Upside: Wide array of reference test patterns; varied montage of images.
Downside: Difficult to navigate; test patterns not adequately explained.
Best for: Experts who want reference-quality patterns and are already familiar with basic calibration procedures.
The first setup DVD available, Video Essentials is still the gold standard for professional calibrators and other experts who are intimately familiar with its labyrinthine navigation. Created by video consultant Joe Kane, its patterns and excellent video/film montage have tested thousands of monitors--but they're not easy for beginners to use. People who want less of a learning curve should stick to newer, less arcane discs.
Upside: Wide array of reference test patterns and well-detailed calibration procedures; easy navigation; optional in-depth looks at many home home-theater topics.

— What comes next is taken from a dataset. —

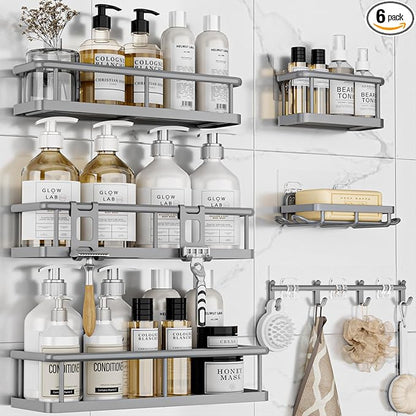 YASONIC Shower Caddy, 6 Pack Large Capacity shower Organizer with Soap Holder and 12 Hooks, Rustproof Shower Shelves for Inside Shower, No Drilling&Sleek Bathroom Organizers and Storage Grey by YASONIC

Downside: Sometimes pedantic tone.
Best for: Beginners with patience and others who want comprehensive explanations of system details.
Although it's not the newest test DVD on the block, Avia is arguably the most complete. This well-designed disc includes an excellent 40-minute walk-through that covers major aspects of home home-theater systems and setup, and curious users will love the in-depth, text-only explanations of topics from aspect ratio to subwoofers. The heart of the disc, however, is the suite of thoroughly explained calibrations that takes you step by step through TV and audio system optimization.
Upside: Simple explanations of calibration and setup routines; nice graphical demonstrations.
Downside: Constant corny jokes; little elaboration of home-theater concepts.
Best for: Beginners who want a quick-and-dirty way to tune up--as opposed to calibrate--their systems.
Endorsed by the home-entertainment reviews magazine, this disc is positioned as an easy-to-use guide to home-theater setup. In most areas, it succeeds. The body of the program consists of a tutorial on equipment, room environment, and calibrations hosted by a lively pair of hosts--whose trite antics become tiresome after the first minute. Common-language explanations and clear diagrams help beginners immensely, but some important concepts, such as variations among different display devices, are glossed over or eliminated altogether.
Upside: Excellent in-depth explanations of up-to-the-minute home-theater concepts; comprehensive test patterns and montages; mastered in 16:9 wide-screen format.
Downside: Sometimes inadequate explanations of setup routines; constant chapter stops; no human host.
Best for: True and aspiring videophiles who want the most current, in-depth video information and don't mind falling asleep to get it.
The successor to Video Essentials, also available on D-VHS in both 1080i and 720p resolutions, has the advantage of being the newest calibration DVD--and a lot has changed in the last few years. Watching the tutorial is a little like attending a class taught by HAL from the movie 2001 since there's no visible human host, and the narrator sounds a little too nice. The explanations are extremely informative and complete, and they include details that other discs miss. But the actual how-to of setup isn't as straightforward; beginners should avoid Digital Video Essentials.
(Editor's note: The author contributed to the production of Digital Video Essentials and is a contributor to Sound & Vision magazine.)